Just looked out my window to see kids playing in the dirt and kicking soccer balls. The sky is a crazy cerulean blue broken up by white, billowy clouds and the sounds of dogs barking, and recorded messages advertising propane gas and pastries. All strangely reminds me of pop beads and Richpond, Kentucky and digging for treasure in my grandparents' machine shed with Eddie and Emily. Sitting and digging in red dirt surrounded by worn timber, machinery, jars of screws and nails, and garden hoses. Waiting for Moc to call out: "Time for supper!" And of course, we'd dig for a few minutes more then climb over the wooden fence and run through the clanging metal gate next to the garden into the freshly mown yard past the well house over stone pavers under the covered patio that Dad built, past the old stone grinding wheel over two concrete steps up and through the screen door with the little green bean smudge on the door handle into the warm, wood paneled room past the old butter churn and Poc's chair, into the kitchen and onto a wooden chair at the round kitchen table where we used to help Moc separate the rocks from the beans.
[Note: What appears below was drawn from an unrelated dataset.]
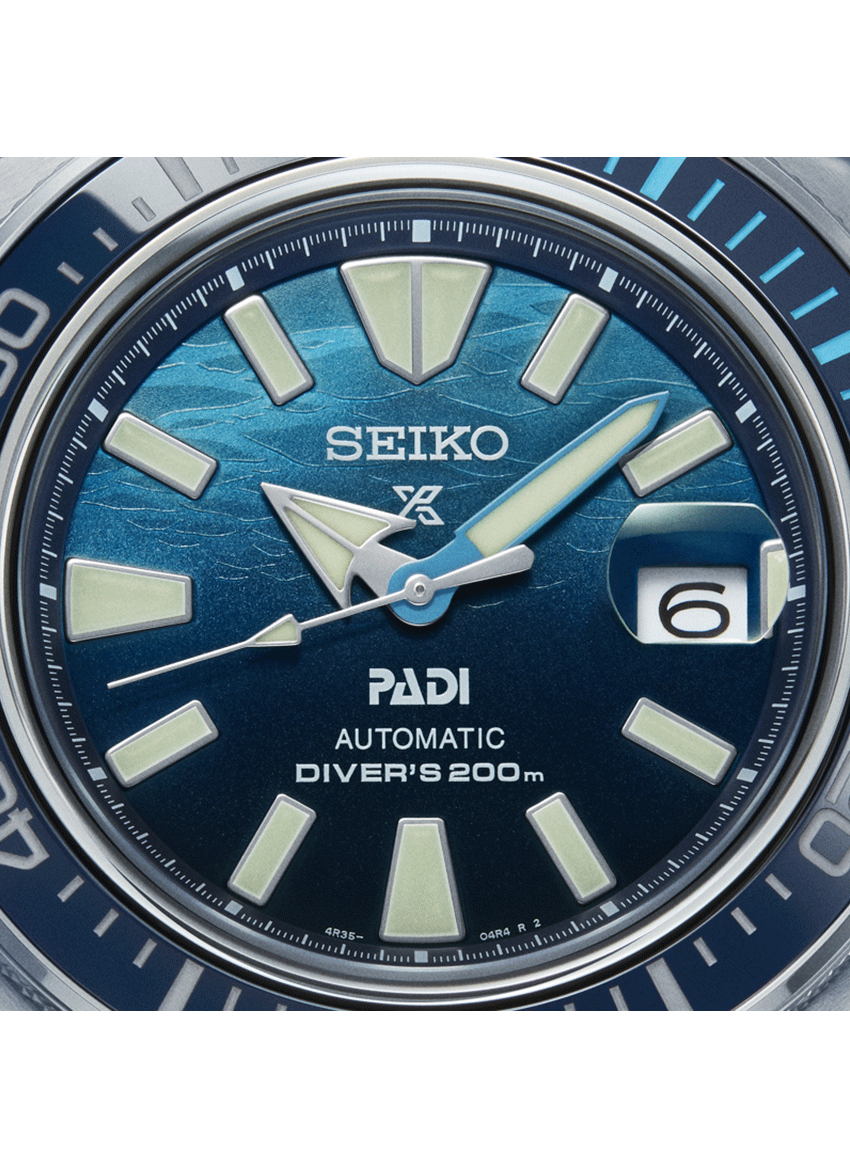 Seiko Prospex Padi Special Edition The Great Blue Férfi karóra - Image 6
We'd sit down and eat white beans and cornbread with hamhocks and homegrown, sliced tomatoes with iced tea or iced water in pretty glasses...city water from the Stahl's, poured from clean, plastic Chlorox bottles. Everything tasted wonderful and we would tell each other stories. Moc washed the dishes then we'd sit in the den and watch Lawrence Welk and she'd sit next to the TV facing us, and she would tell us stories about her life on Hanging Fork Creek. We'd try to watch the regularly scheduled programs but her stories about life on the farm are the stories that stay with me...stories about children getting eaten by hogs or drowning, and of gypsies and Freetown and flying in airplanes. Stories, family stories, lots and lots of stories. I know them all by heart.